Both parents were arrested in October 1942 and deported to Auschwitz on Convoy 42, when the Final Solution was put into effect. The children were then sent to the Lamarck children’s home, which was run by the UGIF (Union Générale des Israélites de France, or General Union of French Jews) on October 12, 1943. It was there that they met Denise Holstein, the children’s group supervisor at the UGIF home enter in Louveciennes, who they regarded as their nanny. The Prefectures and the Gestapo made it compulsory for all Jews to join the U.G.I.F. At the same time, all pre-existing Jewish organizations were closed down. The U.G.I.F. ran its own children’s homes, the first of which were founded at the time of the Vel d’Hiv round-up on July 16 and 17, 1942. Children who were “liberated” from the camps at Drancy, Pithiviers, Beaune-la Rolande and Poitiers had to be placed in U.G.I.F. homes. Estelle was one of these so-called “blocked” children, entrusted to the U.G.I.F. Blocked children’s names were listed in a special police register, and these particular “liberations” were, in reality, a sham. Such children could only be sent to UGIF homes, it was the German authorities who decided where to place them, and they and the Vichy regime kept strict control over them. They were thus assigned to the various UGIF homes: Louveciennes, the Rothschild orphanage, the Zysman boarding house in La Varenne, Saint-Mandé, Neuilly, rue Vauquelin and the vocational school on rue des Rosiers in Paris, and in Montreuil.

Estelle was the victim of a roundup that took place on July 22, 1944. Aloïs Brunner, the commandant of Drancy camp, issued the order for a series of roundups of all the UGIF homes for Jewish children, in retaliation for the failed attempt on Hitler’s life on July 20, 1944, and for various Resistance operations in France. On the night of July 21-22, 1944, the Gestapo carried out a sweep of the U.G.I.F. children’s homes, which housed the children of French Jews, most of whom had already been deported and murdered, and some foreign Jewish children. During this crackdown, eight children’s homes were raided, and both residents and staff were taken prisoner and subsequently deported. More than three hundred innocent children were arrested that night.

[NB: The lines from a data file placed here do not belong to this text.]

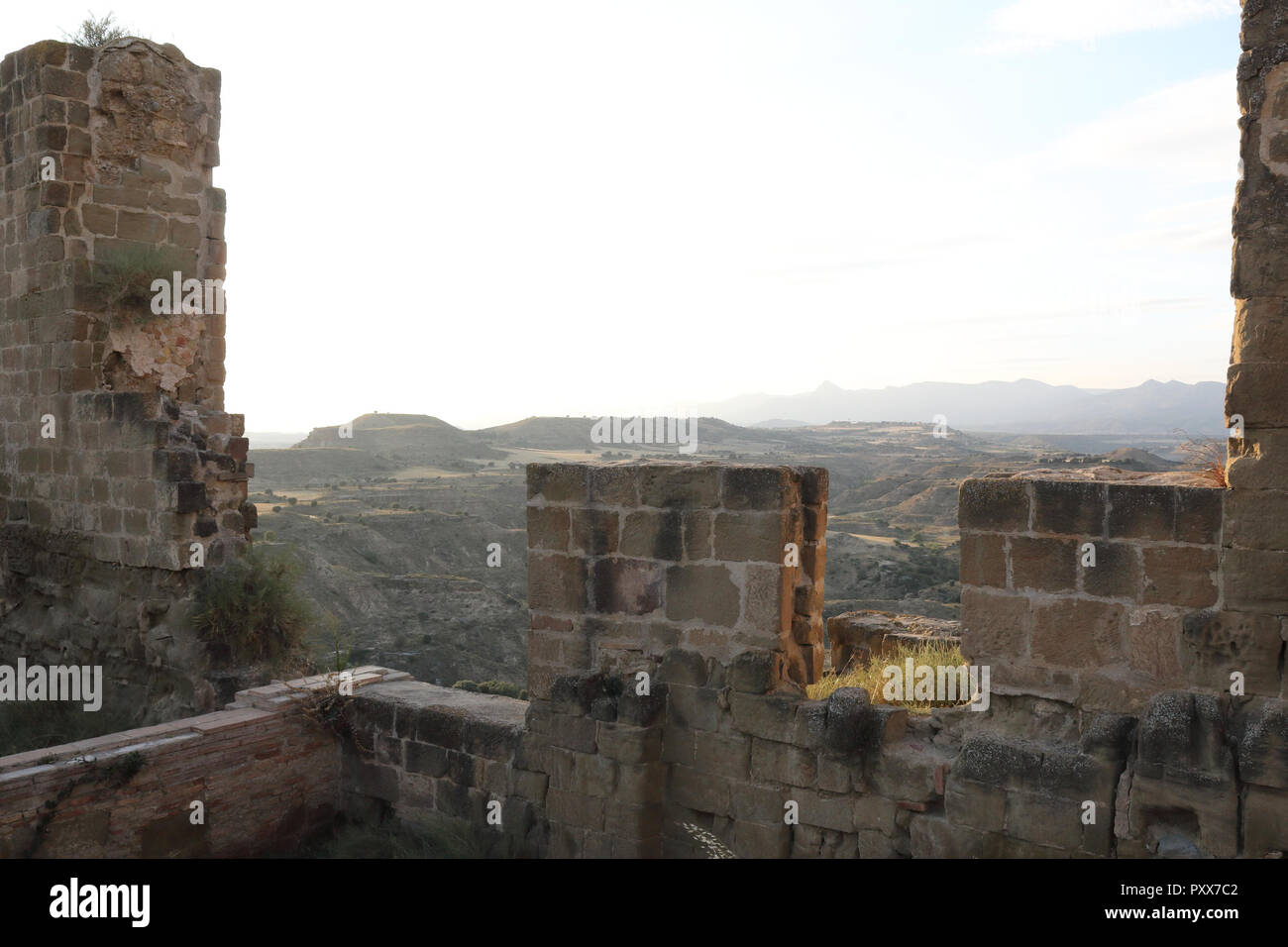 El labrado de los campos de cultivo de la región de Aragón visto desde las ruinas de los muros de defensa de piedra abandonados Montearagon castillo, durante la puesta de sol, en España Foto de stock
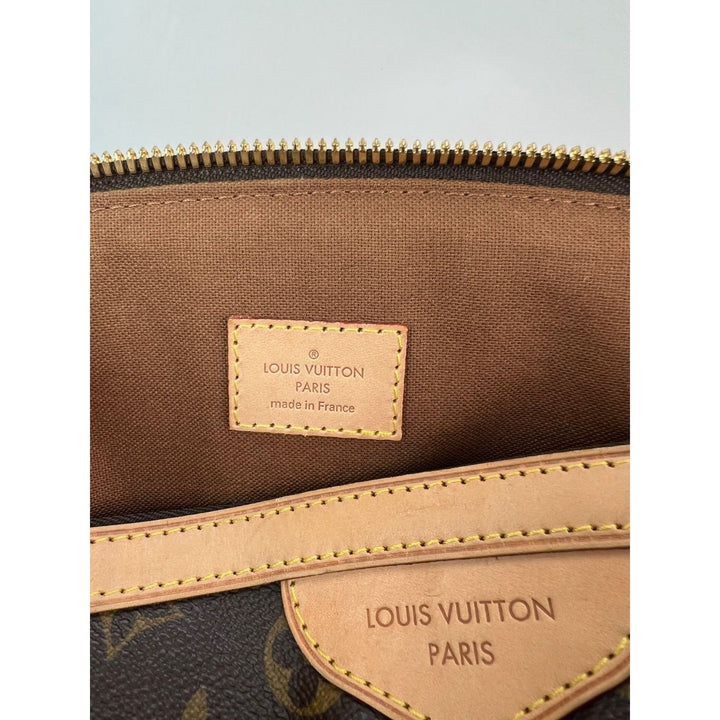Louis Vuitton bag with visible brand logo and text on a light blue background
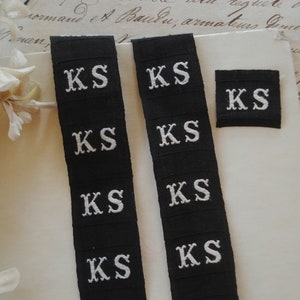 May include: Four black fabric labels with white embroidered letters spelling "KS" on each label. The labels are arranged in two rows of two, with the top row slightly offset from the bottom row.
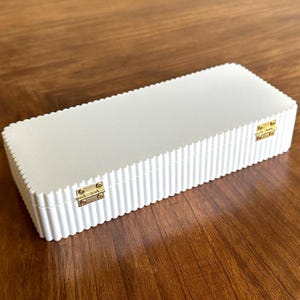 K&ouml;nnte beinhalten: Eine rechteckige, cremefarbene Box mit geriffeltem Design und goldfarbenen Metallscharnieren. Die Box ist geschlossen und liegt auf einer Holzoberfl&auml;che.
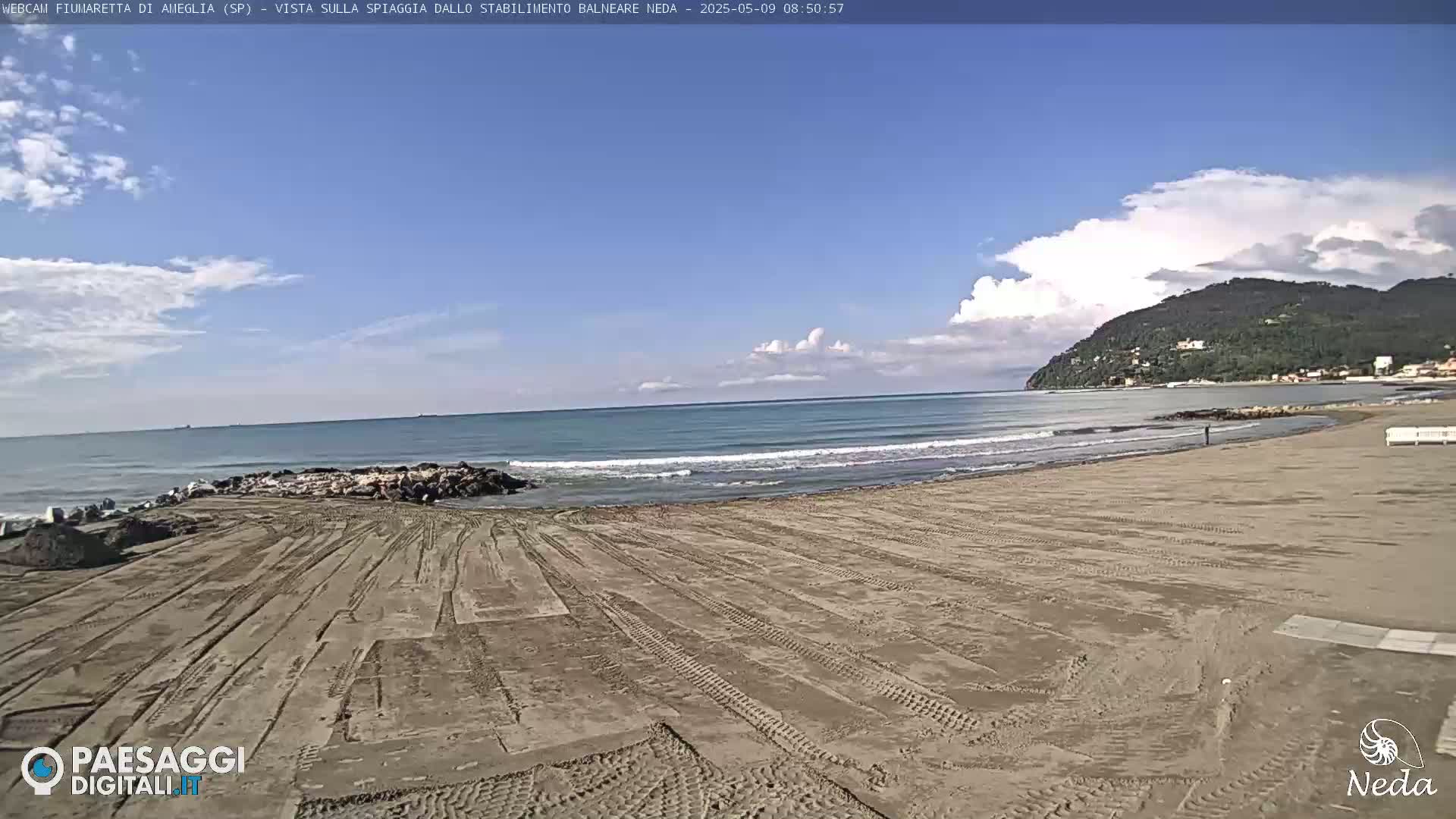 A sandy beach with tire tracks, a calm sea with small waves, and a partly cloudy sky, features a rocky area near the water and a hill in the distance.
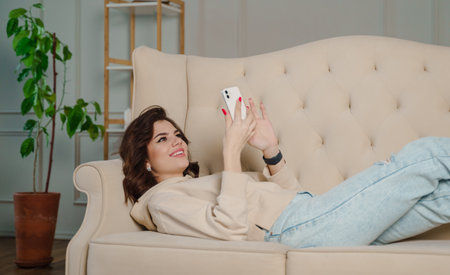 Young beautiful woman sitting on the sofa at home chatting and surfing the net. Female having fun .の写真素材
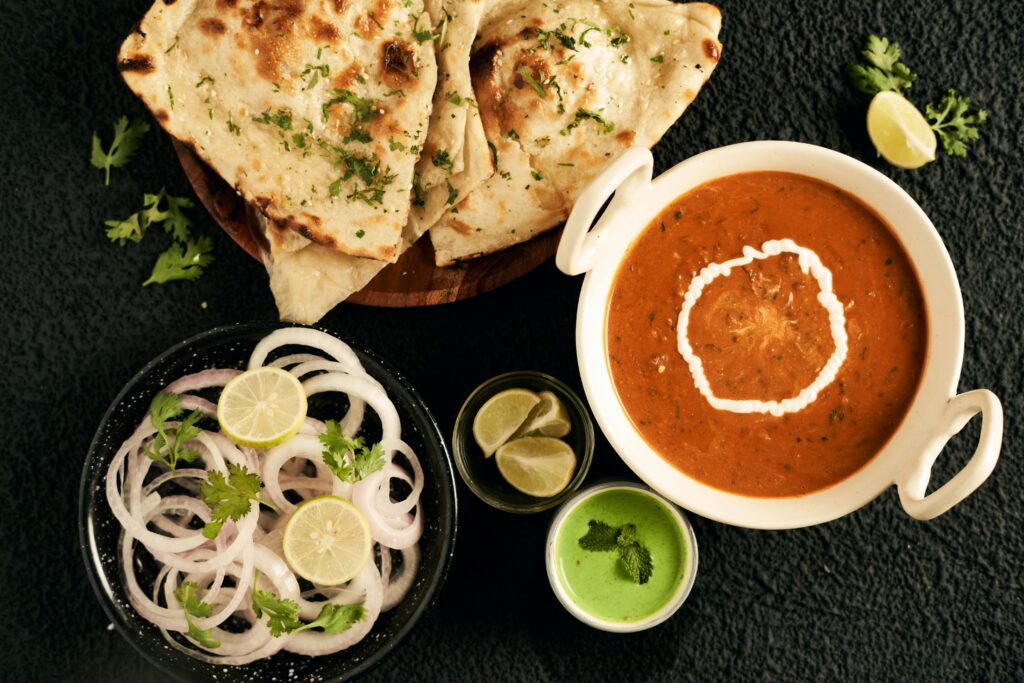 An appetizing Indian meal featuring naan, creamy curry, and fresh condiments.
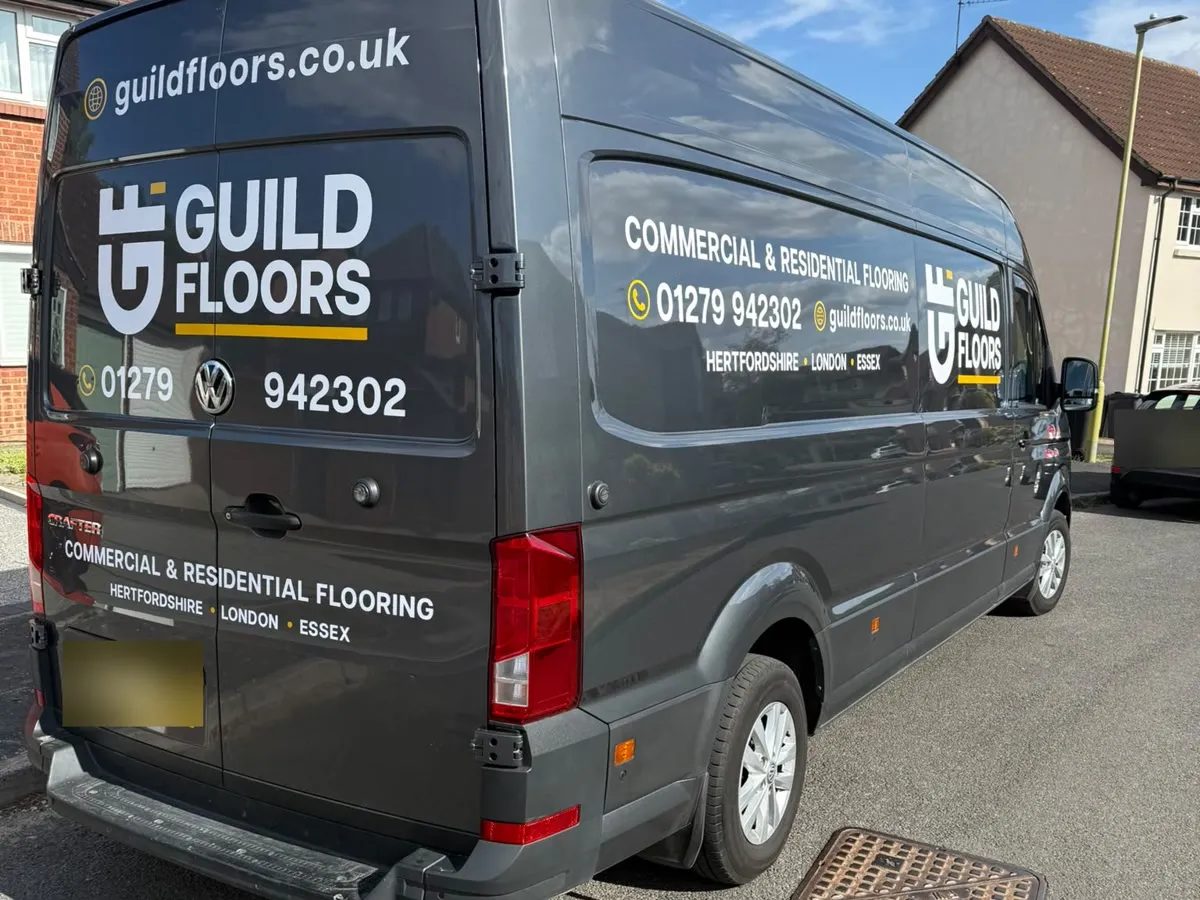 A dark grey VW Crafter van in Guild Floors livery with the G monogram, phone number and web address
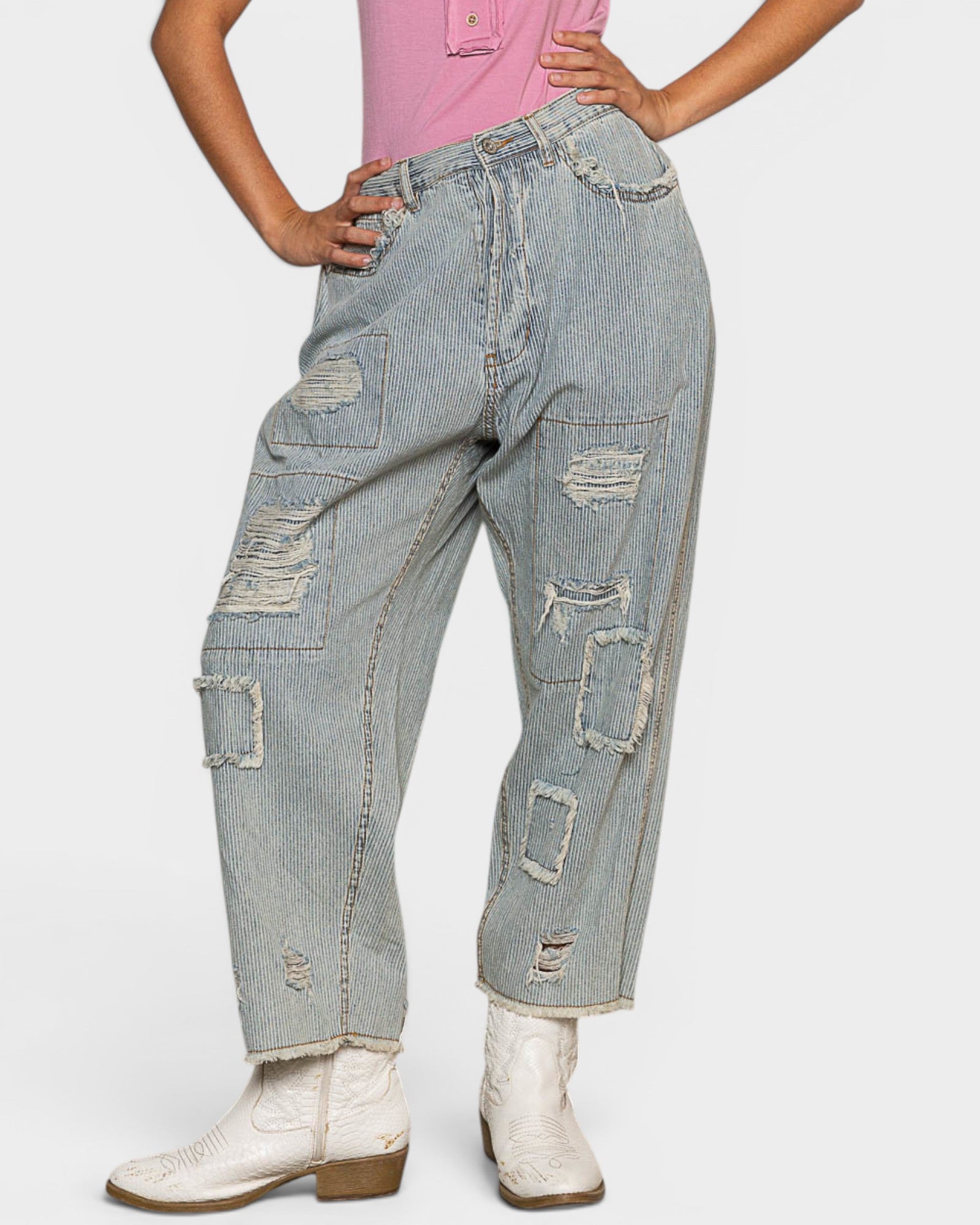 Person wearing ripped blue jeans and white boots on a light gray background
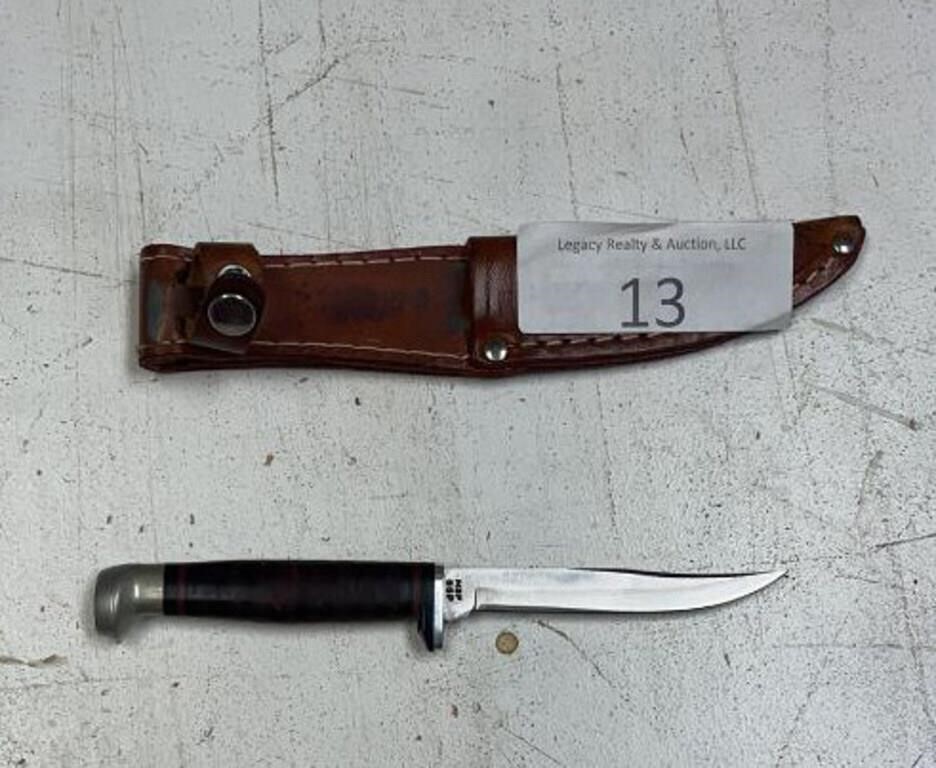 Knife includes sheath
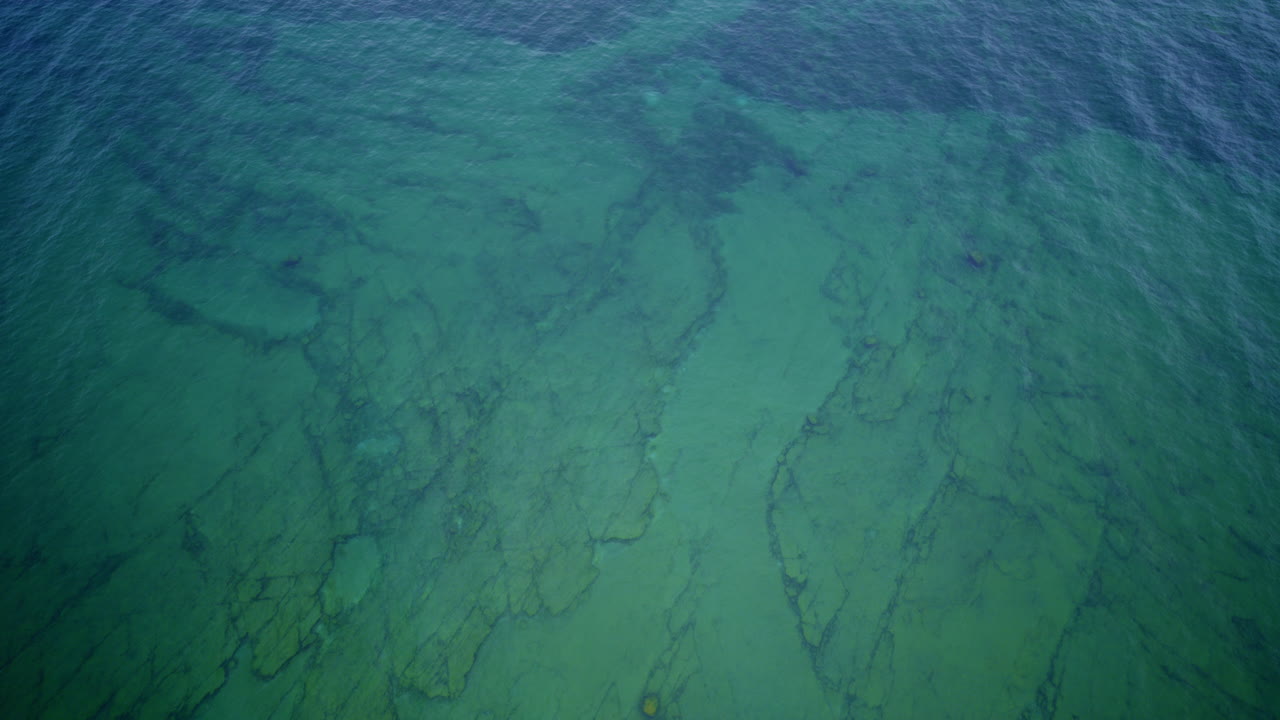 Aerial View of Clear Ocean Water Over Rocks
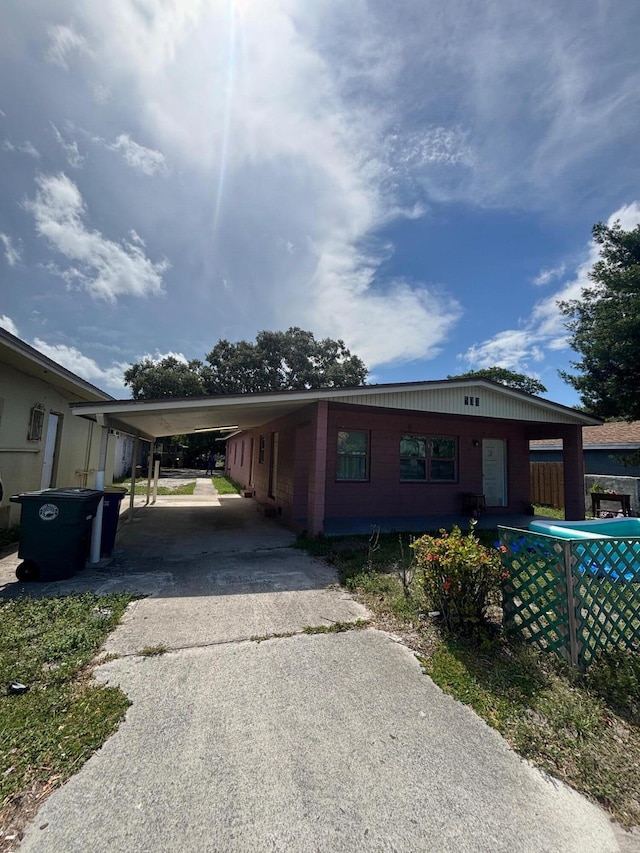 503 N 25th St, Fort Pierce, FL 34947 - view of front of property with driveway and an attached carport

Estelle and two of her sisters, Renée and Rosa, were deported on Convoy 77 on July 31, 1944. This was the last large convoy to leave Drancy, carrying a large number of children from a number of different countries and arranged at short notice. It was bound for the Auschwitz-Birkenau camp, where it arrived on the night of August 3, 1944. Along with her sisters, Estelle, who was fourteen years old, was murdered in the gas chambers as soon as she arrived at the camp. Her official date of death was later declared to be August 5, 1944, this being the date used by the French authorities for all of the 847 people who were deported on Convoy 77 but not selected to work in the camp.

Of the Kalinsky family, only Estelle’s little sister, Sylvia, escaped with her life. She survived because she was adopted by a couple called Pivault from a nursery in Neuilly, who called her Christiane in order to avoid raising any suspicions. As a result, she also avoided being arrested during the round-ups that took place in Paris in July.